[[ INPUT, beginning ]]

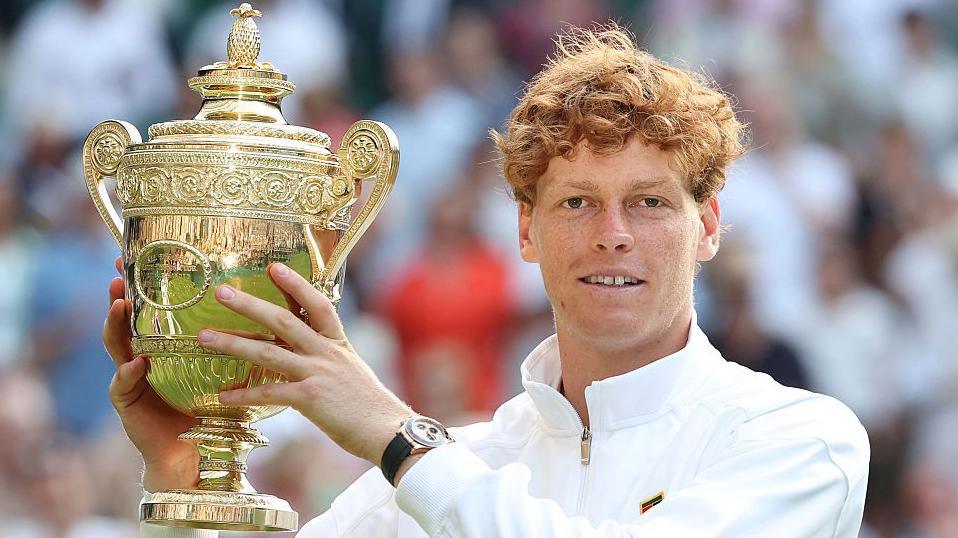 Jannik Sinner with the Wimbledon men's trophy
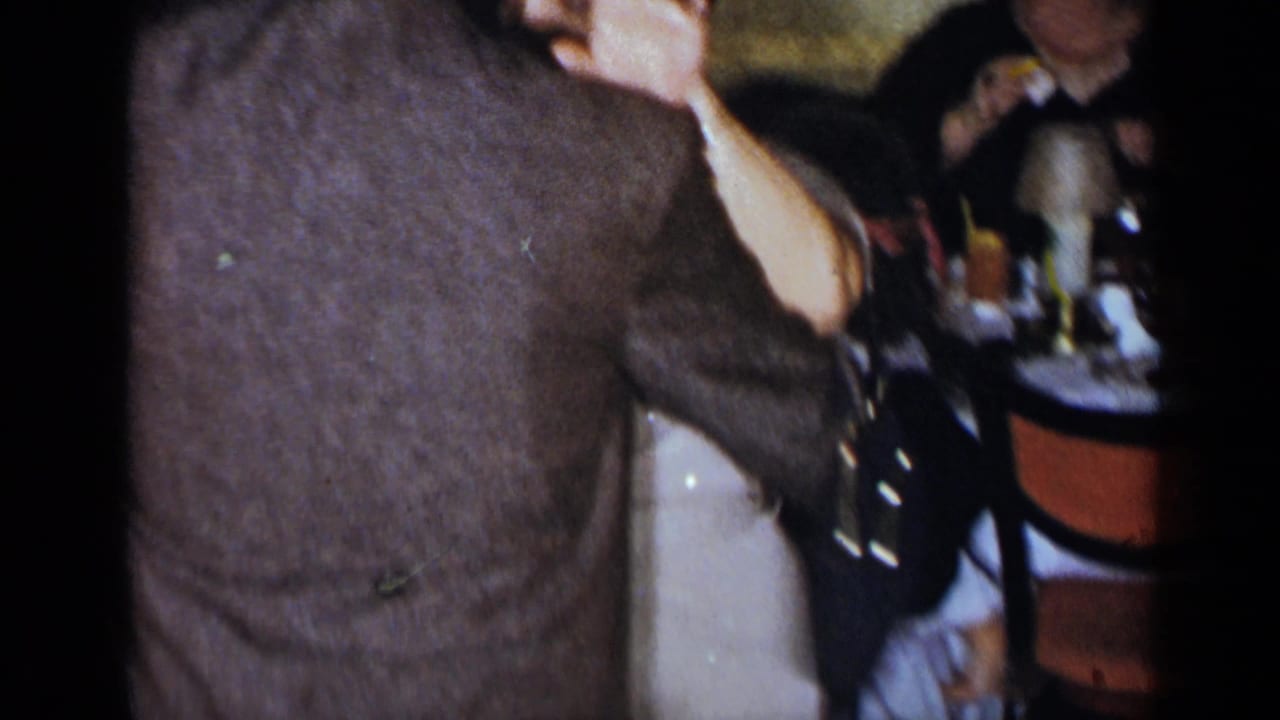 Adult in a brown jacket dancing beside seated party guests and a table.
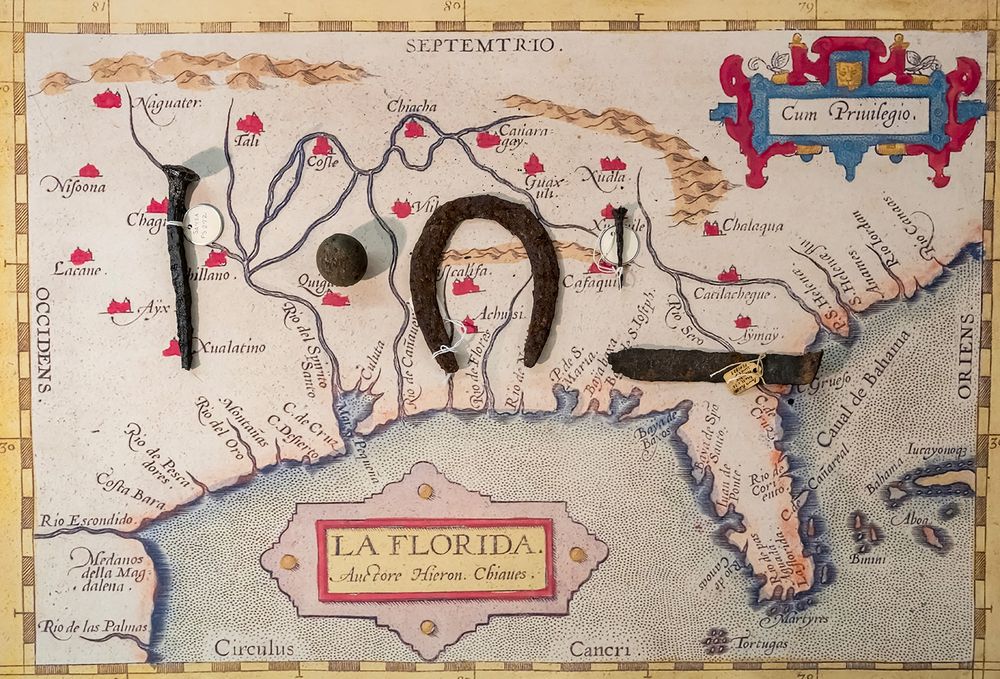 an old vintage map of La Florida and the southeastern united states has several iron artifacts resting on it like a horseshoe and big nails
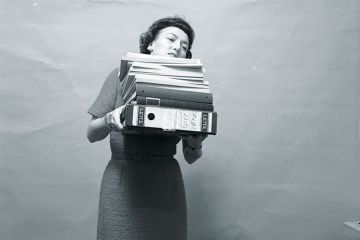 woman carrying files woman carrying files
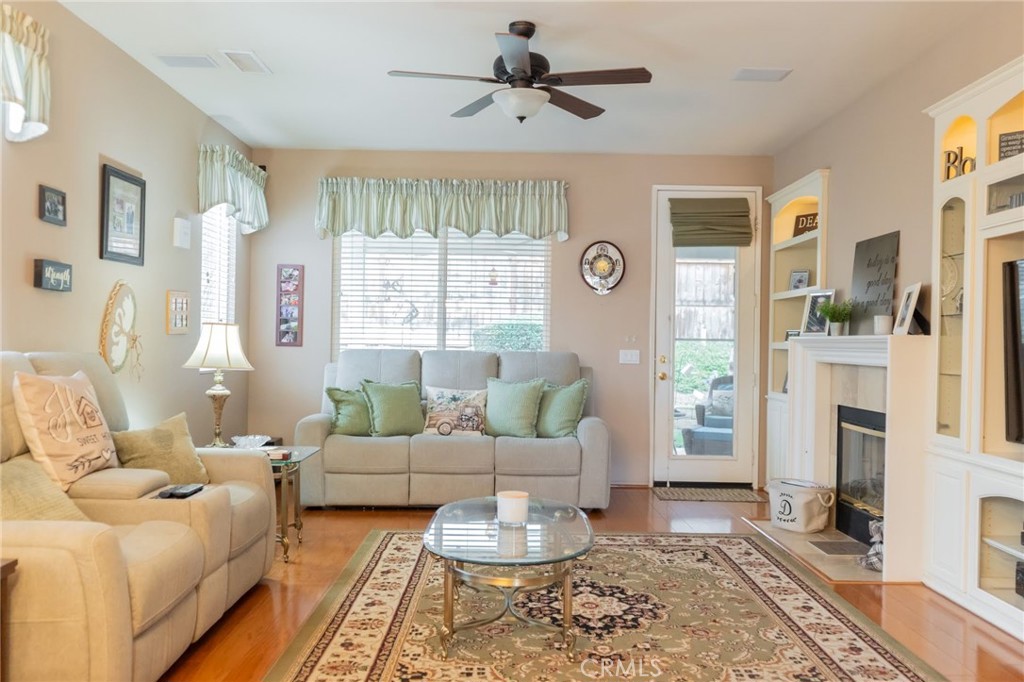11555 Townsend Way Yucaipa, CA 92399 - Photo 23 of 47 a living room with furniture and a fireplace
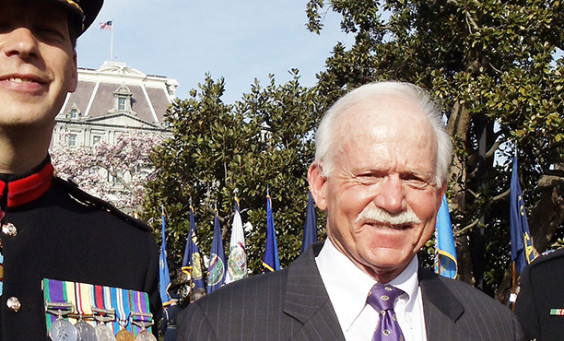 Man in a suit standing between two uniformed guards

[[ INPUT, end ]]

» **EXERCISE REQUIREMENTS**:
Pictures are to be left out; set down everything else in the records exactly.

» **ANSWER BOX**:
 Jannik Sinner with the Wimbledon men's trophy
 Adult in a brown jacket dancing beside seated party guests and a table.
 an old vintage map of La Florida and the southeastern united states has several iron artifacts resting on it like a horseshoe and big nails
 woman carrying files woman carrying files
11555 Townsend Way Yucaipa, CA 92399 - Photo 23 of 47 a living room with furniture and a fireplace
 Man in a suit standing between two uniformed guards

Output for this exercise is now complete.